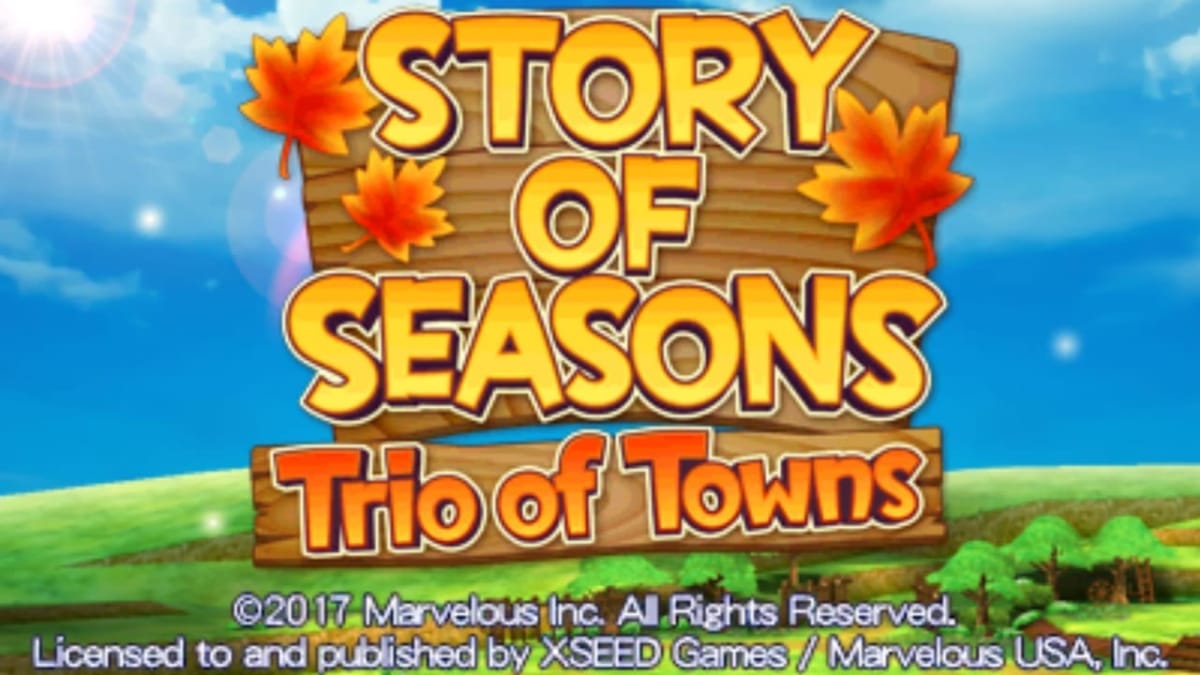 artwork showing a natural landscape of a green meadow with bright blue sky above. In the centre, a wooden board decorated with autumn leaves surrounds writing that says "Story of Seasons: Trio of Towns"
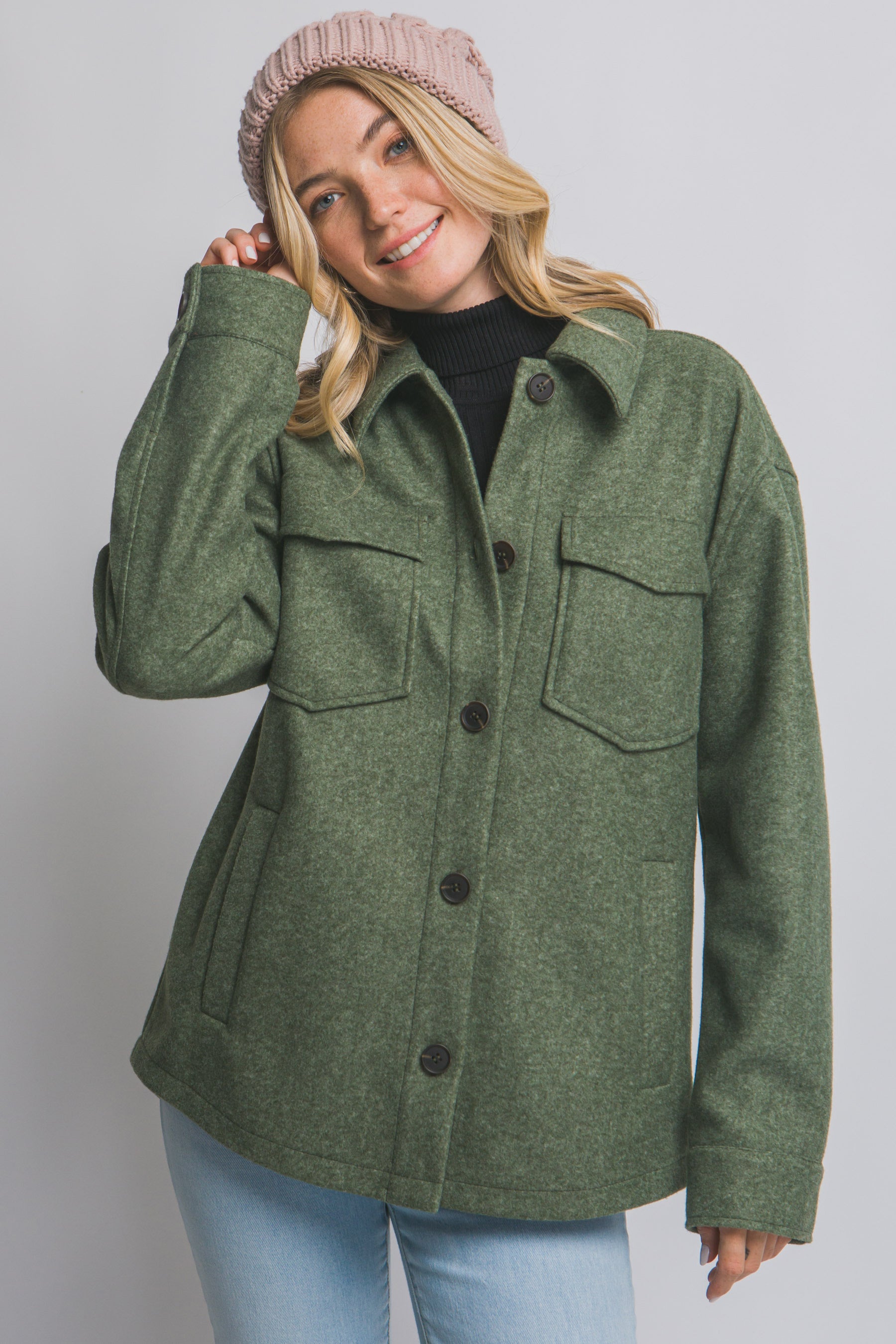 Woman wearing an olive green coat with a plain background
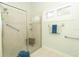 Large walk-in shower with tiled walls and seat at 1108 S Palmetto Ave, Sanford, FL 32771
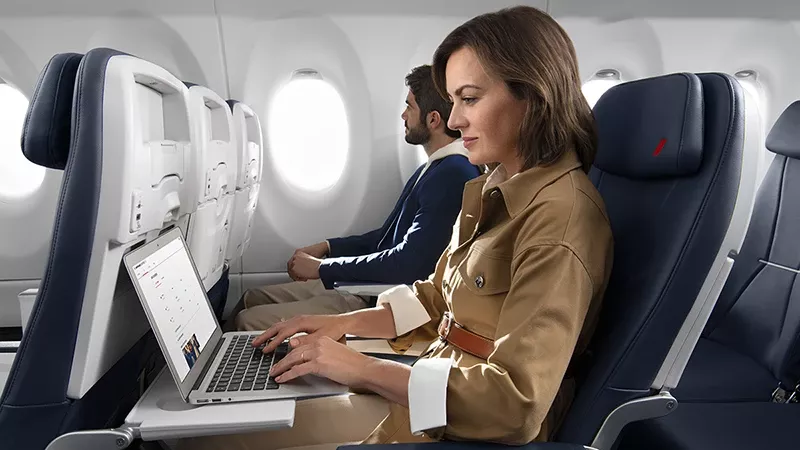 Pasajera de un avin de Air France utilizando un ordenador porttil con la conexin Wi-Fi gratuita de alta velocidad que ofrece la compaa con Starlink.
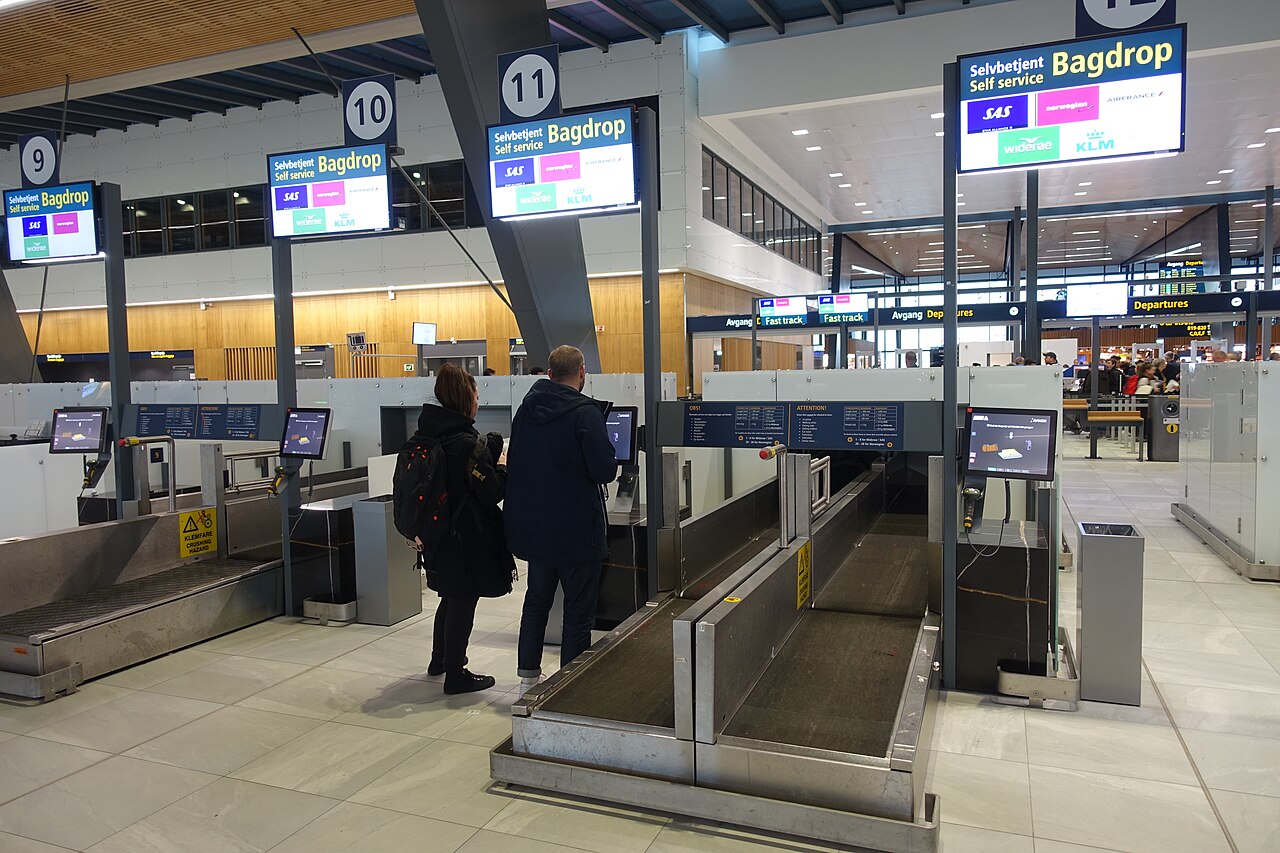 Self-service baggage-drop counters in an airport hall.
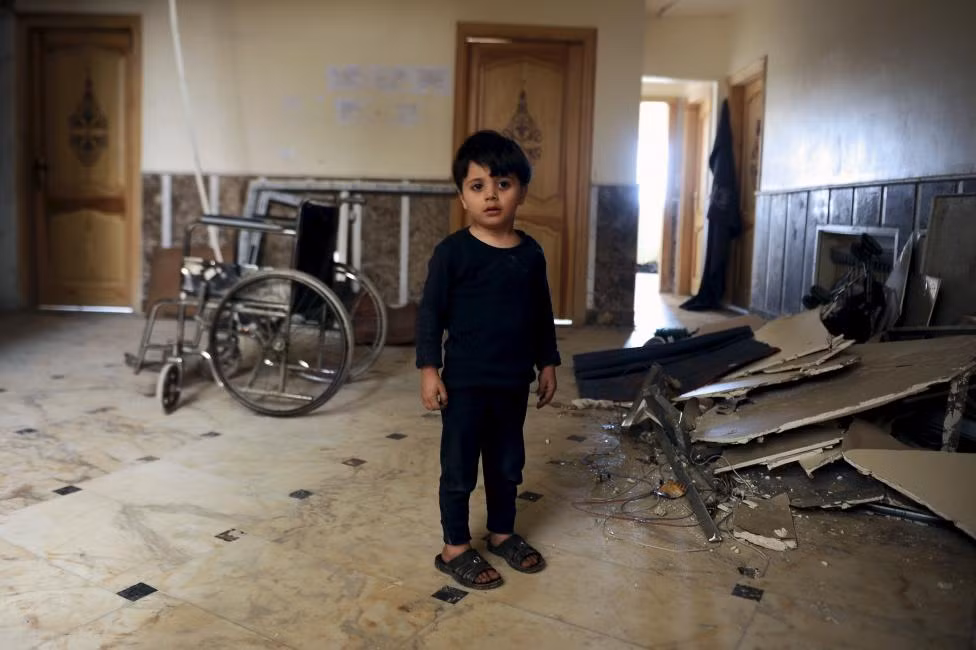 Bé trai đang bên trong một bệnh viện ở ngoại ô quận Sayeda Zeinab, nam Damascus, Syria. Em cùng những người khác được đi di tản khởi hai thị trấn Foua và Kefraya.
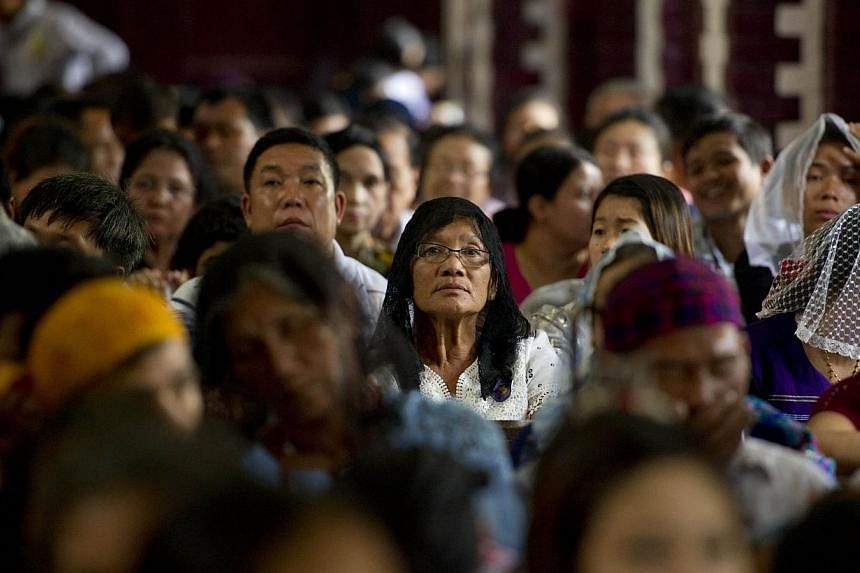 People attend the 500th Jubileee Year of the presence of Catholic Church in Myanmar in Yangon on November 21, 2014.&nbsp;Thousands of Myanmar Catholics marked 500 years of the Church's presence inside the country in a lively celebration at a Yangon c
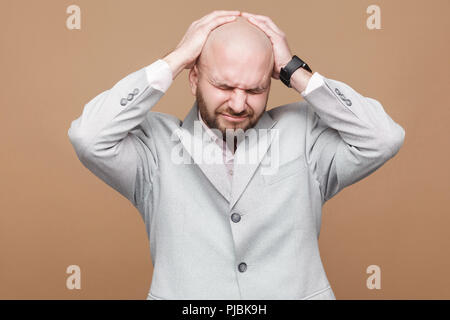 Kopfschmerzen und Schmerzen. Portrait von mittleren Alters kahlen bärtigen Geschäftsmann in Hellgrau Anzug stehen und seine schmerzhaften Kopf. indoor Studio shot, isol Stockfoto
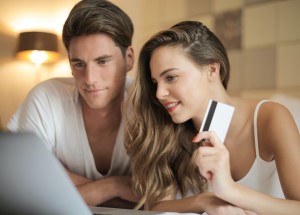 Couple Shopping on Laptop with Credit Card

________________________

| Directions |
With the pictures left out, output the lines from the one containing "Kopfschmerzen und Schmerzen." through the last line of the records above, exactly as they are.

| Response |
 Kopfschmerzen und Schmerzen. Portrait von mittleren Alters kahlen bärtigen Geschäftsmann in Hellgrau Anzug stehen und seine schmerzhaften Kopf. indoor Studio shot, isol Stockfoto
 Couple Shopping on Laptop with Credit Card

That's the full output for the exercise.